ASSIGNED TASK
The response should consist of the data below, copied exactly, with no pictures in it.

DATASET RECORDS
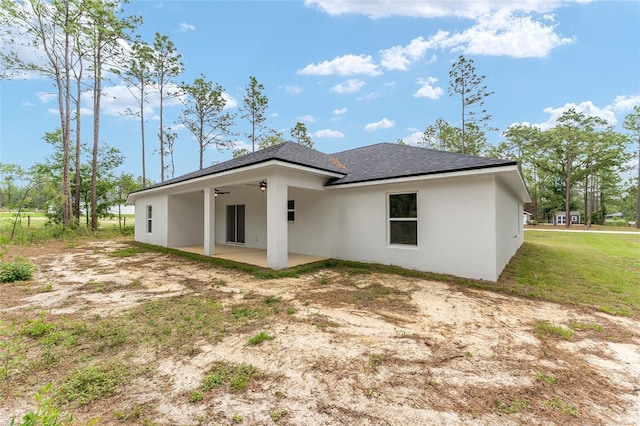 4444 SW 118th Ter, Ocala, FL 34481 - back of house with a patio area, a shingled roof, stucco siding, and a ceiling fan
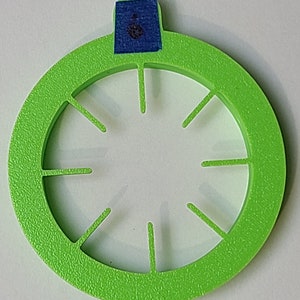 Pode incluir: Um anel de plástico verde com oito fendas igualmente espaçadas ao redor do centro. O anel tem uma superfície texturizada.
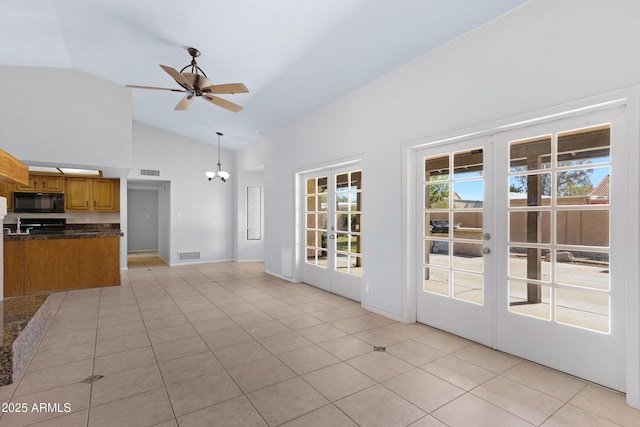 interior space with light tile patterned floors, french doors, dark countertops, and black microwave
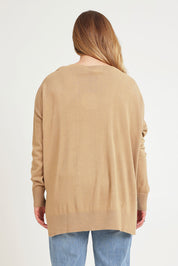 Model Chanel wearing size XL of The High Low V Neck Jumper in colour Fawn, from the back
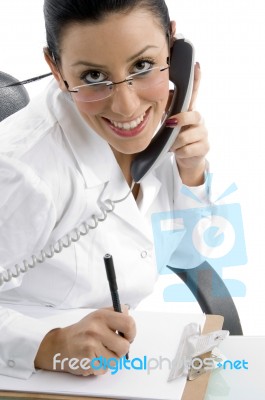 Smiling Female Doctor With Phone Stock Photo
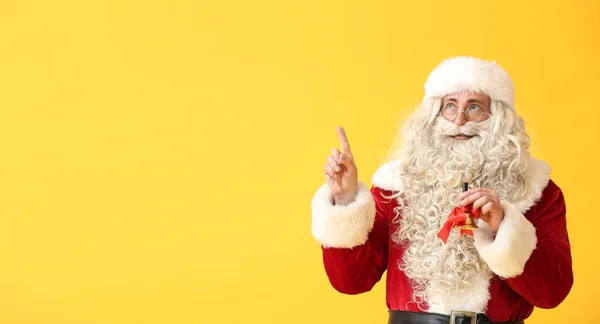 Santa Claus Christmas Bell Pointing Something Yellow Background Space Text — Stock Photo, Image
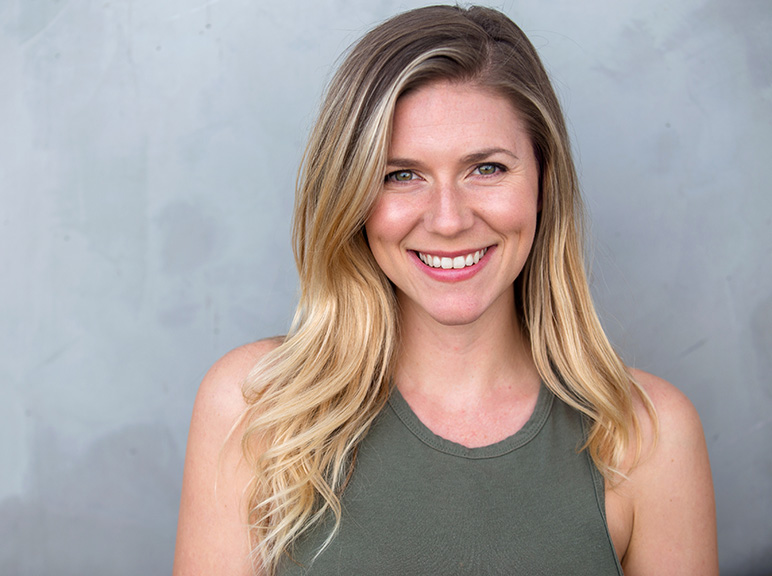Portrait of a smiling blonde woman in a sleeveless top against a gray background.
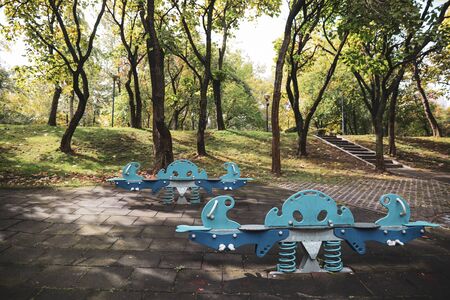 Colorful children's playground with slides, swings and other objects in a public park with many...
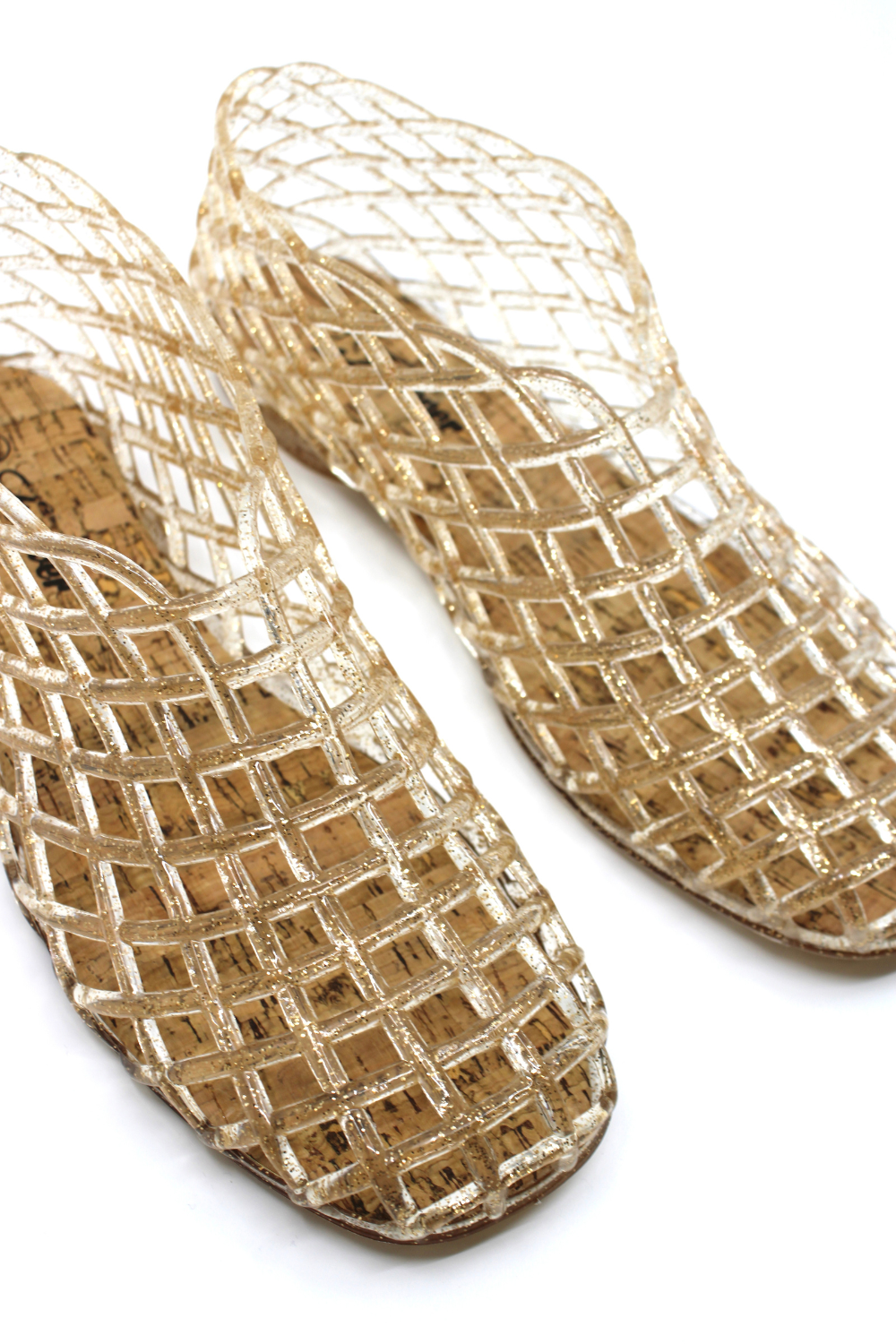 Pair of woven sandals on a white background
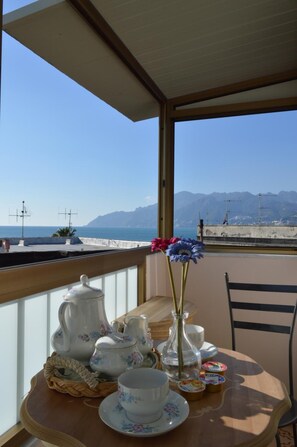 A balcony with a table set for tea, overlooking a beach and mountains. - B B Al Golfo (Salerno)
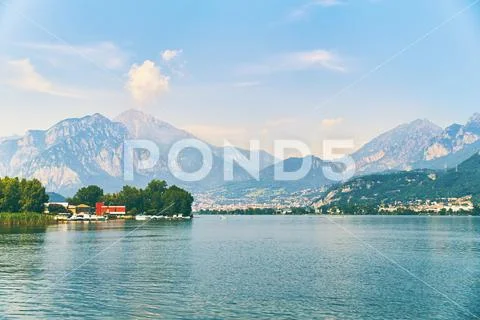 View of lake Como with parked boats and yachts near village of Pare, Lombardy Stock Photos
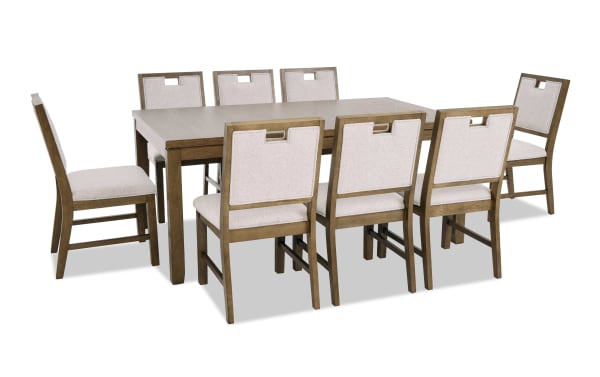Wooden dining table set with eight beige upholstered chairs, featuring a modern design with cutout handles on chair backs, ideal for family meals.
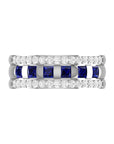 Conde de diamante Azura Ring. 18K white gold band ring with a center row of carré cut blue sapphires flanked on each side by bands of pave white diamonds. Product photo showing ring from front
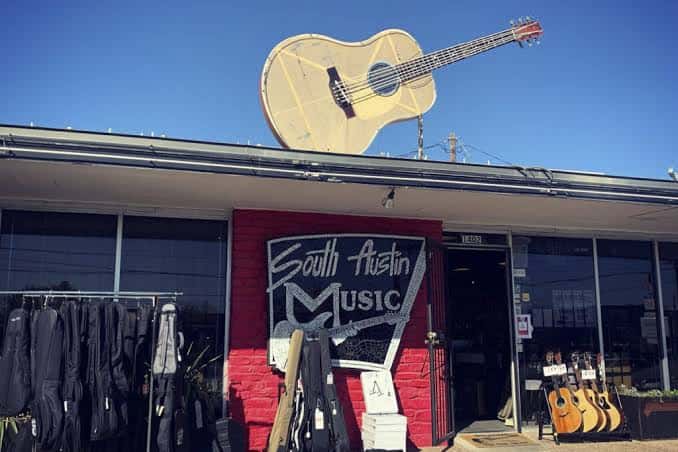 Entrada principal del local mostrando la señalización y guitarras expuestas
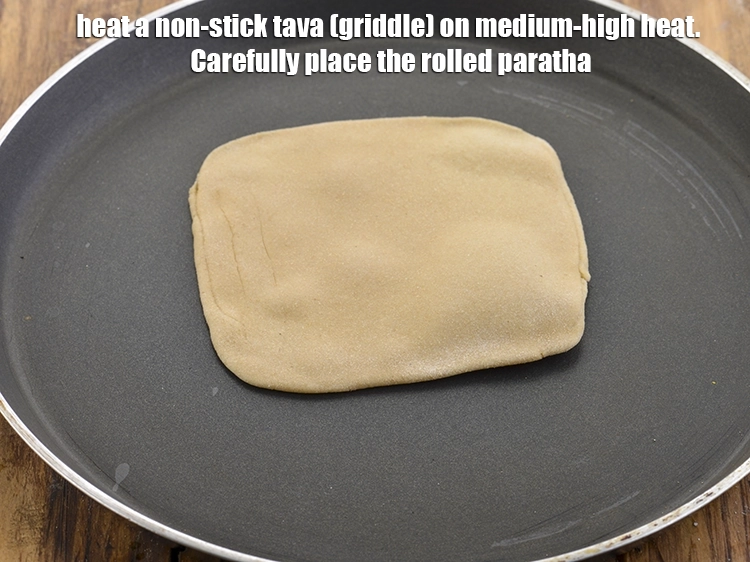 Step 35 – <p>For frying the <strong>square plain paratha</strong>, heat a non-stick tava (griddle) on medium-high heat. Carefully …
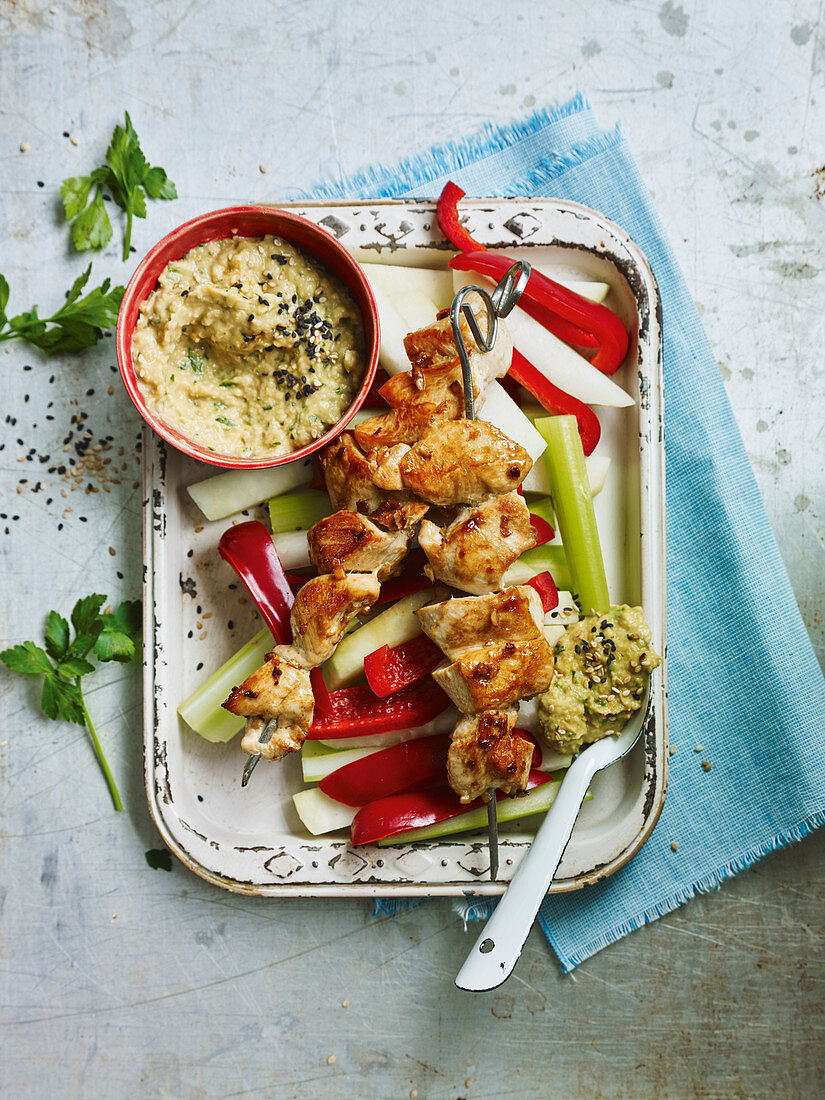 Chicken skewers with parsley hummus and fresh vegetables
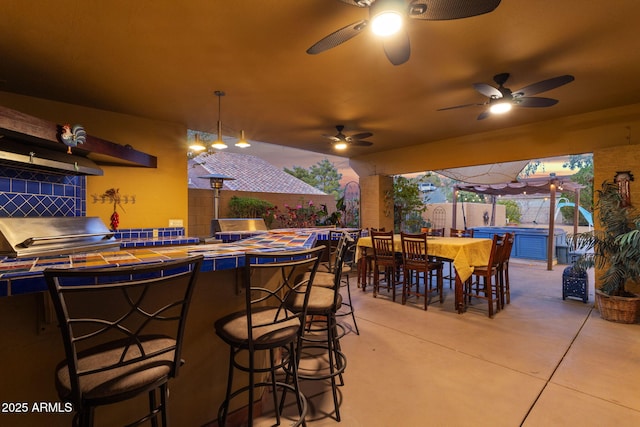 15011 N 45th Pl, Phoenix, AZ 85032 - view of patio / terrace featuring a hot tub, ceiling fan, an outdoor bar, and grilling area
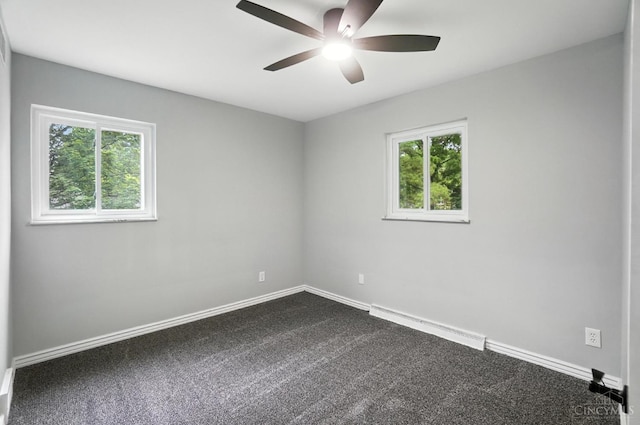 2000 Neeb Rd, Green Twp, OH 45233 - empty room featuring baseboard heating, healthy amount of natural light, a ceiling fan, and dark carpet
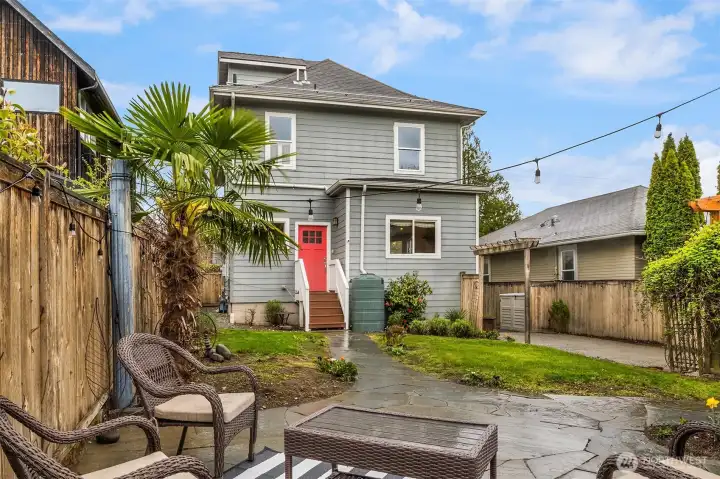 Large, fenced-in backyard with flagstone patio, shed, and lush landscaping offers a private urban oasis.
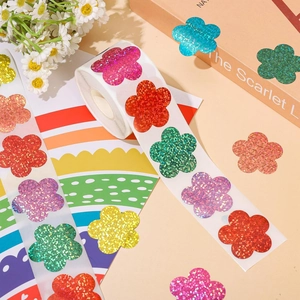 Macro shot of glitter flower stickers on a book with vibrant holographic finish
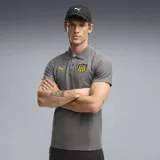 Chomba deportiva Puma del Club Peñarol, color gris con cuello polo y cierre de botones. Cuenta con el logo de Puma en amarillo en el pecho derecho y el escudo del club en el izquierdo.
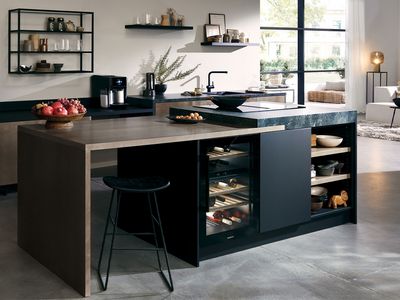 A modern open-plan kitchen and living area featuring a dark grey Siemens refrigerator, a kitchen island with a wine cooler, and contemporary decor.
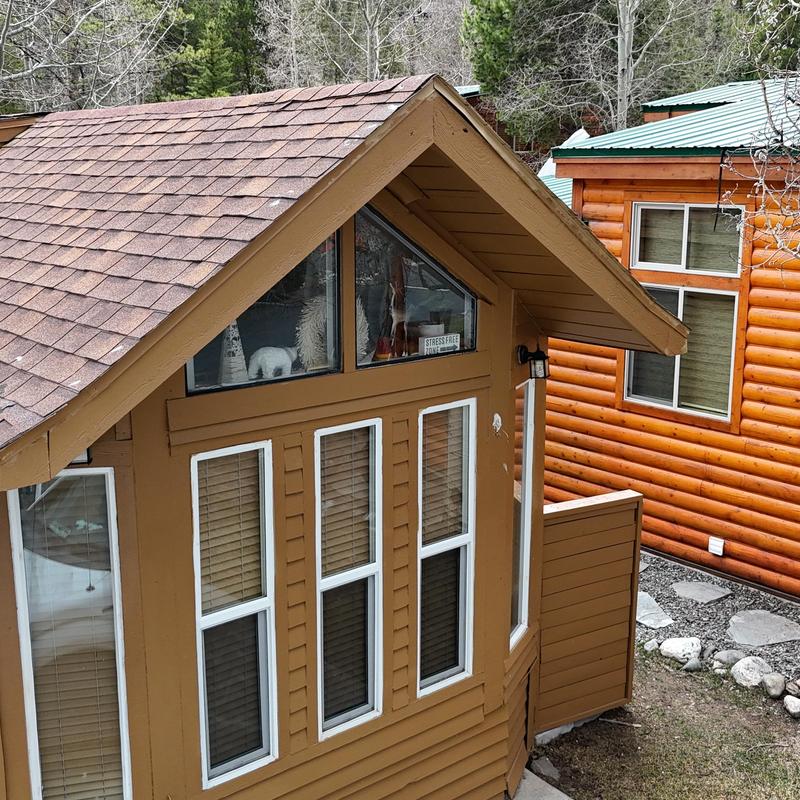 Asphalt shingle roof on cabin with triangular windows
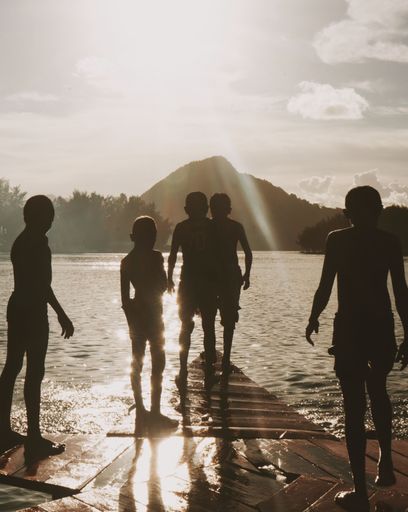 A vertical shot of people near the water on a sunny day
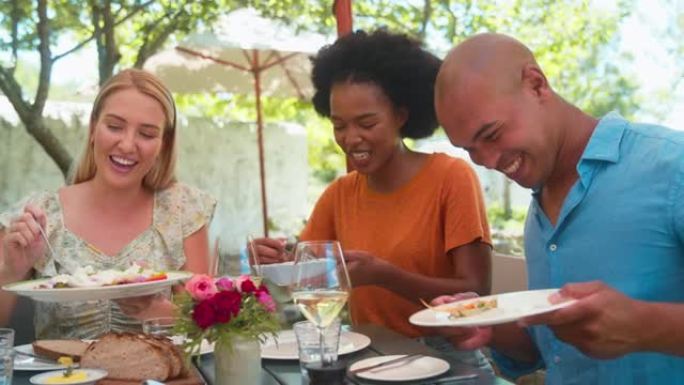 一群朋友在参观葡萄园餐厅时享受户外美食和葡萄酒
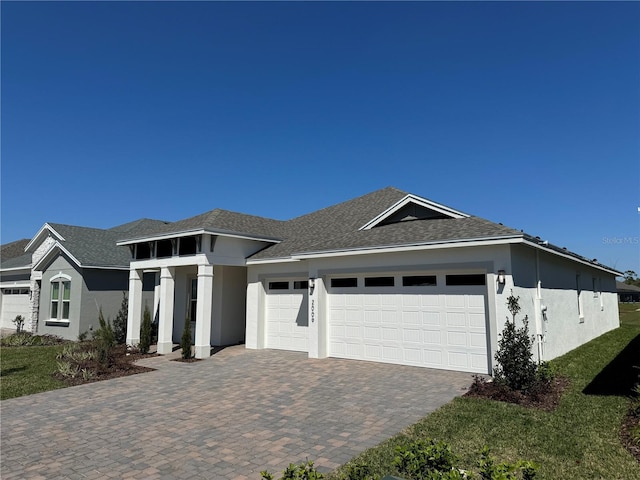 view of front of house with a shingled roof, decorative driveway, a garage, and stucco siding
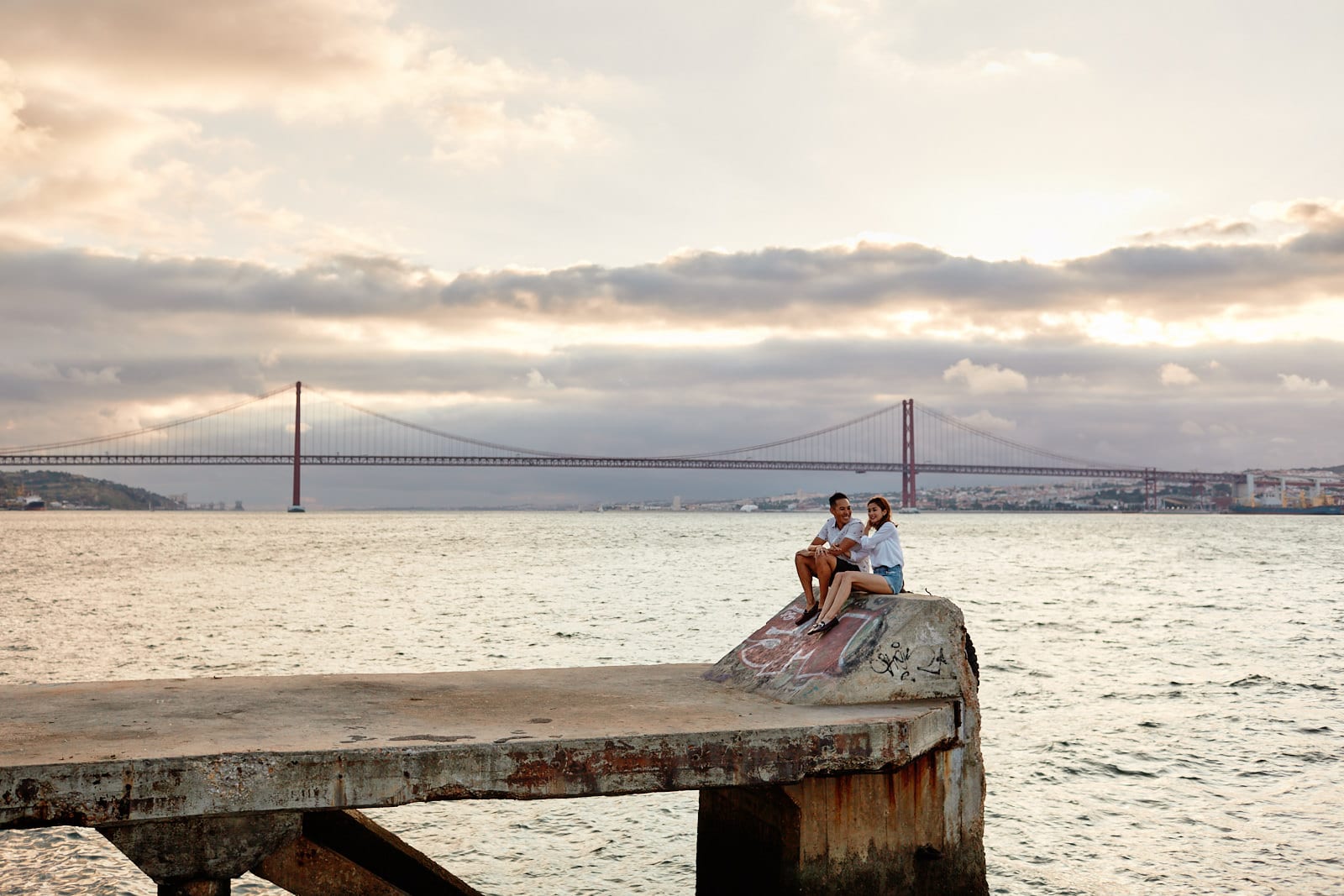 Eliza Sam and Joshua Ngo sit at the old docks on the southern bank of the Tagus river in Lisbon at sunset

REPLY TO THE TASK
 4444 SW 118th Ter, Ocala, FL 34481 - back of house with a patio area, a shingled roof, stucco siding, and a ceiling fan
 Pode incluir: Um anel de plástico verde com oito fendas igualmente espaçadas ao redor do centro. O anel tem uma superfície texturizada.
 interior space with light tile patterned floors, french doors, dark countertops, and black microwave
 Model Chanel wearing size XL of The High Low V Neck Jumper in colour Fawn, from the back
 Smiling Female Doctor With Phone Stock Photo
 Santa Claus Christmas Bell Pointing Something Yellow Background Space Text — Stock Photo, Image
Portrait of a smiling blonde woman in a sleeveless top against a gray background.
 Colorful children's playground with slides, swings and other objects in a public park with many...
 Pair of woven sandals on a white background
 A balcony with a table set for tea, overlooking a beach and mountains. - B B Al Golfo (Salerno)
 View of lake Como with parked boats and yachts near village of Pare, Lombardy Stock Photos
Wooden dining table set with eight beige upholstered chairs, featuring a modern design with cutout handles on chair backs, ideal for family meals.
 Conde de diamante Azura Ring. 18K white gold band ring with a center row of carré cut blue sapphires flanked on each side by bands of pave white diamonds. Product photo showing ring from front
 Entrada principal del local mostrando la señalización y guitarras expuestas
 Step 35 – <p>For frying the <strong>square plain paratha</strong>, heat a non-stick tava (griddle) on medium-high heat. Carefully …
 Chicken skewers with parsley hummus and fresh vegetables
 15011 N 45th Pl, Phoenix, AZ 85032 - view of patio / terrace featuring a hot tub, ceiling fan, an outdoor bar, and grilling area
 2000 Neeb Rd, Green Twp, OH 45233 - empty room featuring baseboard heating, healthy amount of natural light, a ceiling fan, and dark carpet
 Large, fenced-in backyard with flagstone patio, shed, and lush landscaping offers a private urban oasis.
 Macro shot of glitter flower stickers on a book with vibrant holographic finish
 Chomba deportiva Puma del Club Peñarol, color gris con cuello polo y cierre de botones. Cuenta con el logo de Puma en amarillo en el pecho derecho y el escudo del club en el izquierdo.
 A modern open-plan kitchen and living area featuring a dark grey Siemens refrigerator, a kitchen island with a wine cooler, and contemporary decor.
 Asphalt shingle roof on cabin with triangular windows
 A vertical shot of people near the water on a sunny day
 一群朋友在参观葡萄园餐厅时享受户外美食和葡萄酒
 view of front of house with a shingled roof, decorative driveway, a garage, and stucco siding
 Eliza Sam and Joshua Ngo sit at the old docks on the southern bank of the Tagus river in Lisbon at sunset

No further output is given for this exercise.